And frankly, Doctor, these matters are more often outside of our practical treatment experience and we always lack the tools for evaluation that we normally use - plus with such an announcement the aisle is going to be full of Paramedics, EMT's, RN's and other well meaning allied health care providers - all equally qualified to address the circumstances you present.

Not to mention liability for abandonment and the complete lack of Good Samaritan protections. I'm not sure what your insurance costs, but mine is enough to let the other health care professionals step up first. Pre-hospital care is not what most Doctors are good at - and other trained professionals exist with better protections, and far more experience.

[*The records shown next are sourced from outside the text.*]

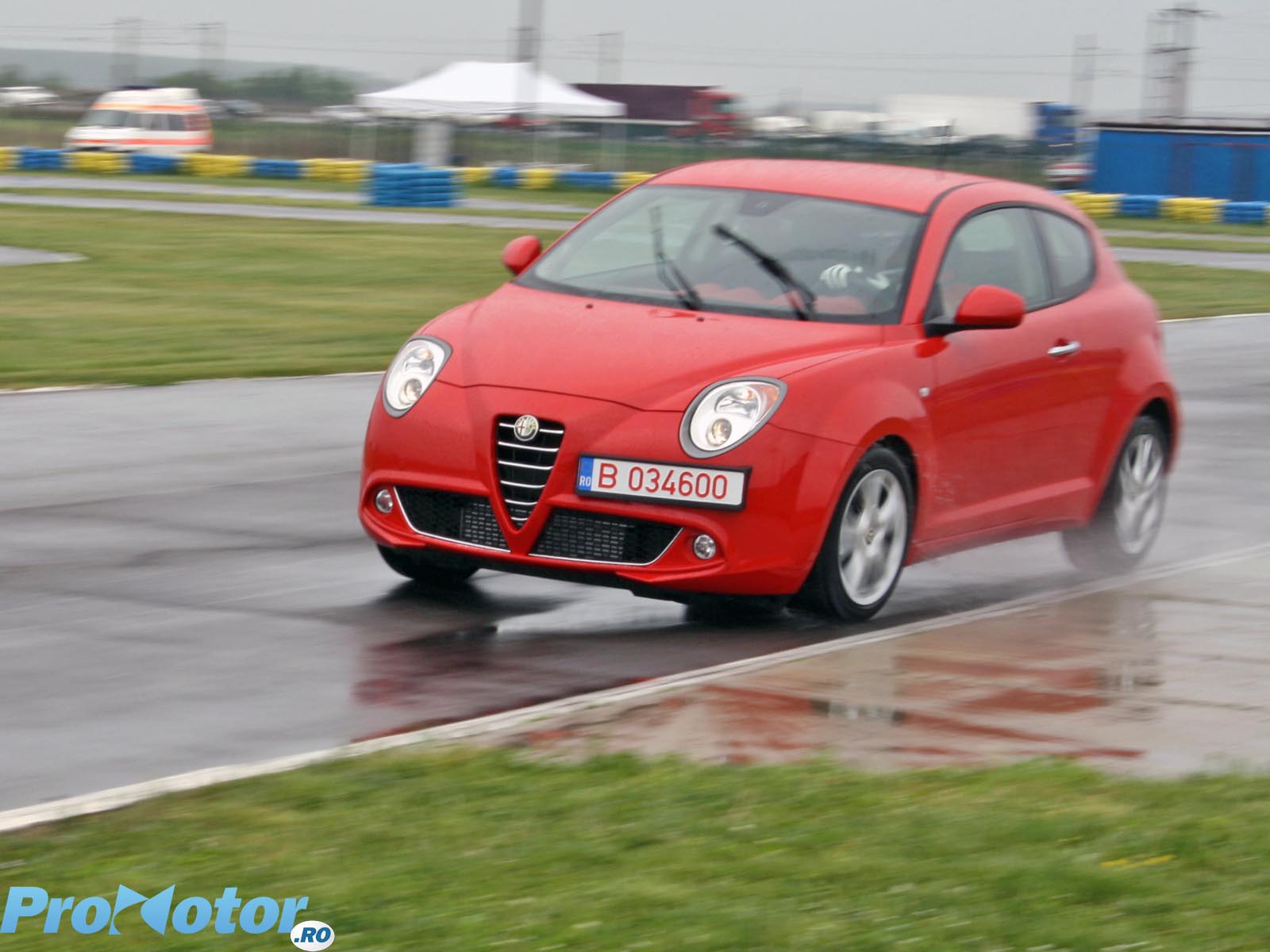 Alfa Romeo MiTo beneficiaza de Alfa DNA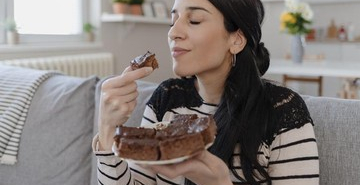 alasan-bunda-selalu-lapar-dan-ingin-makan-manis-atau-asin-menjelang-haid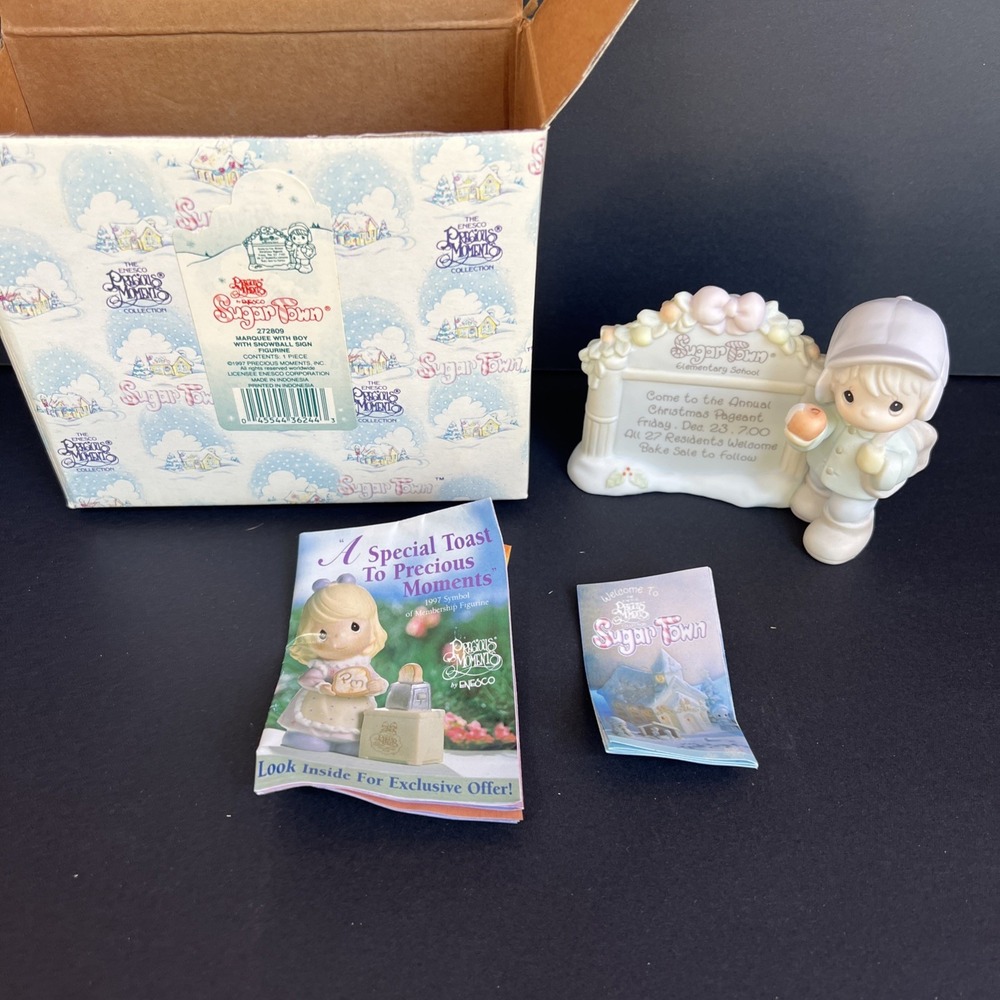 1997 Precious Moments Sugar Town Marquee Boy Snowball Sign 272809 NOS Box NEW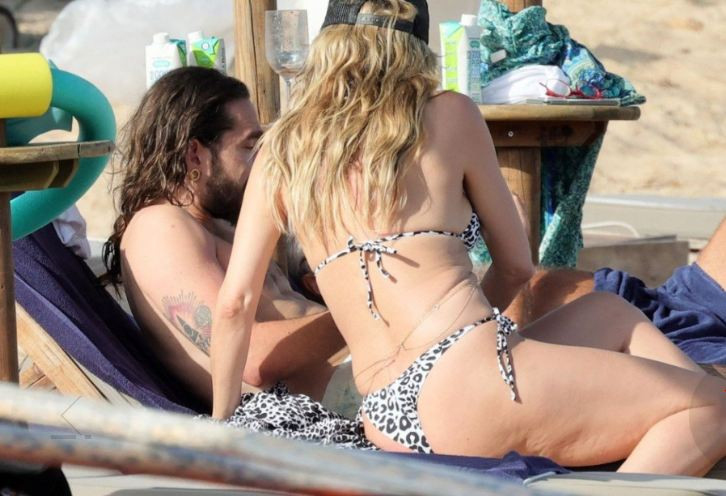 Перфектна, ама друг път: Хайди Клум показа целулит на плажа (50-годишната моделка и мъжа й си раздават ласки – Снимки)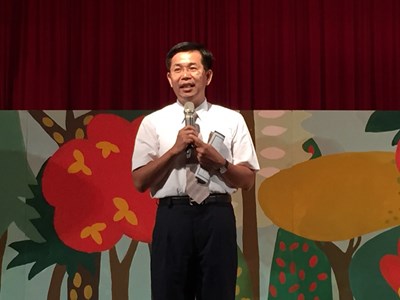 環境教育兒童劇逗趣登場     潘副市長陪孩童開心看劇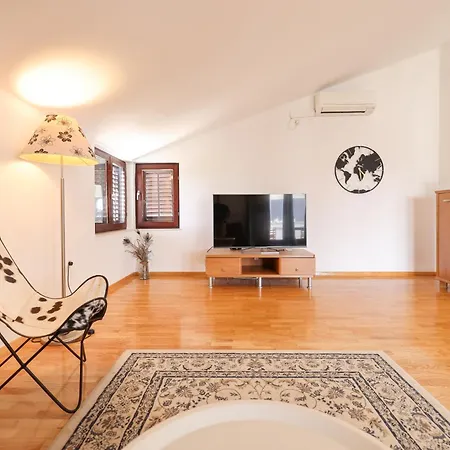 Gostinjska kuća Apartments And A Room Ina Zadar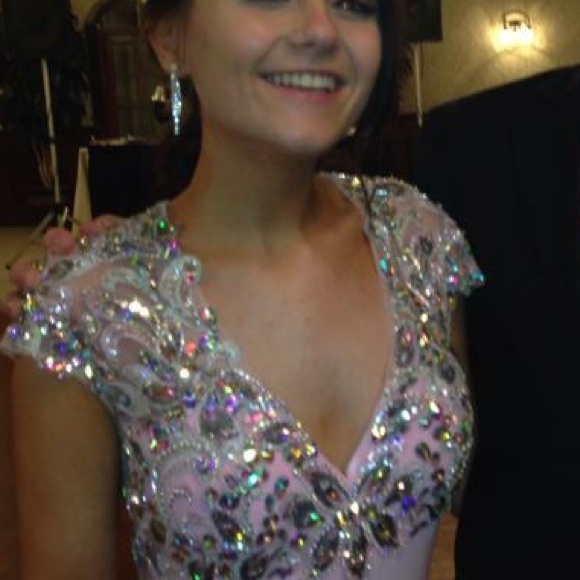 PROM DRESS - Picture 3 of 4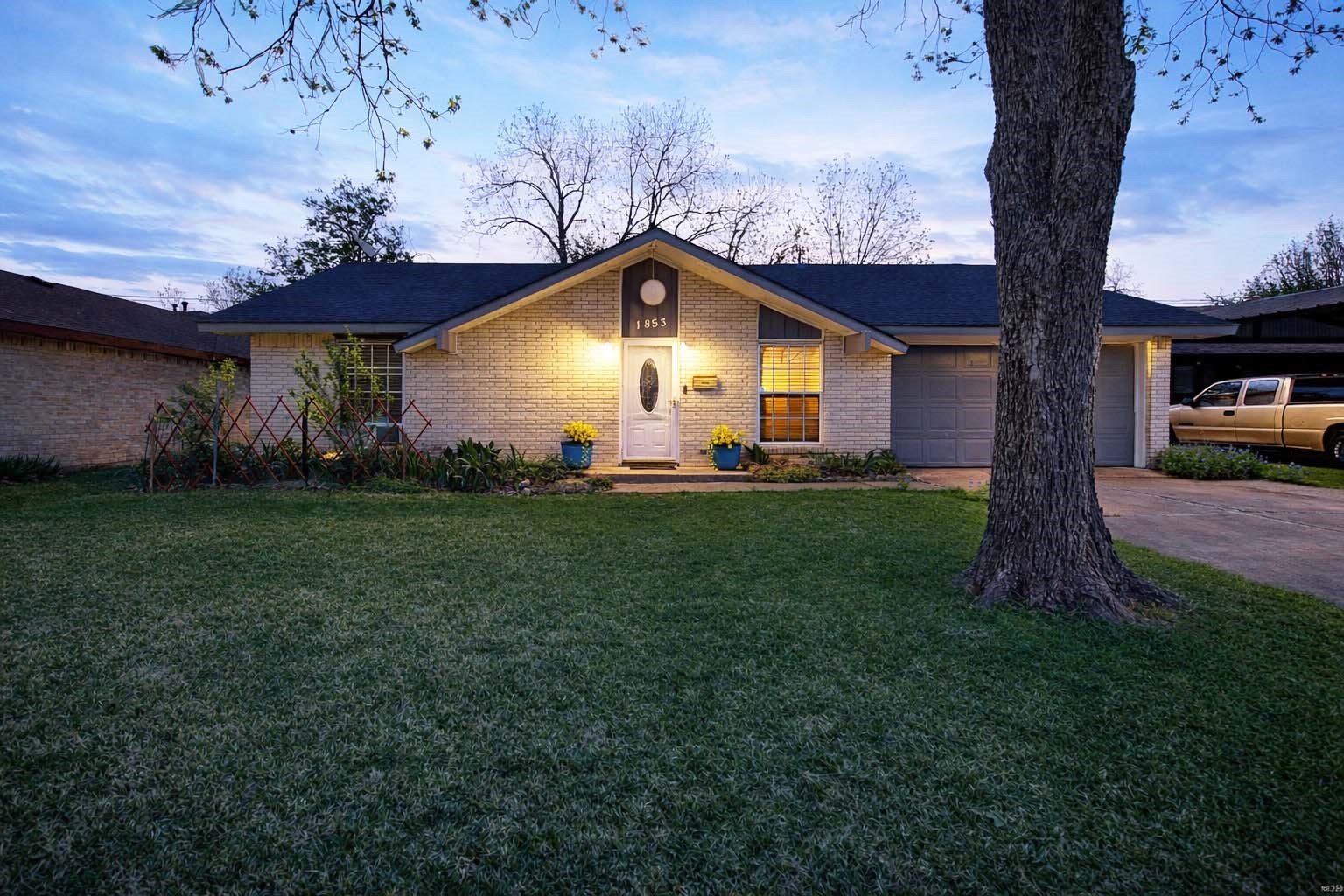 1853 Tompkins Drive Grand Prairie TX 75051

You can't swing a cat on an airplane and not hit a qualified health care provider - so being a Doctor does not make me the most qualified to assess the circumstances, as given by your own examples.
Wow, that's good that no one has ever got sick on your flights. As I would hate to be the poor soul who got stuck getting help from a doctor who was more worried about his malpractice insurance, than saving people's lives.

As for knowledge, I would presume any medical professional (doctor, nurse, EMT, etc) would have better knowledge about helping someone than the accountant they are seated next to. And, personally, if given the choice of getting help from someone, I would take the doctor (who might be a bit out of his element) over the guy in 1A whose whole medical knowledge comes from seeing season 1 of Greys Anatomy.

Final point. Some flights, have 100 medical professionals, some flights have 0. Some people will see 100 requests for help, some will see 0. Personally, I have seen 1. Air travel is an intresting example of the law of large numbers. Each frequent travel contributes such a tiny percentage to the overall probability that their experience can often not be remotely close to the expected value.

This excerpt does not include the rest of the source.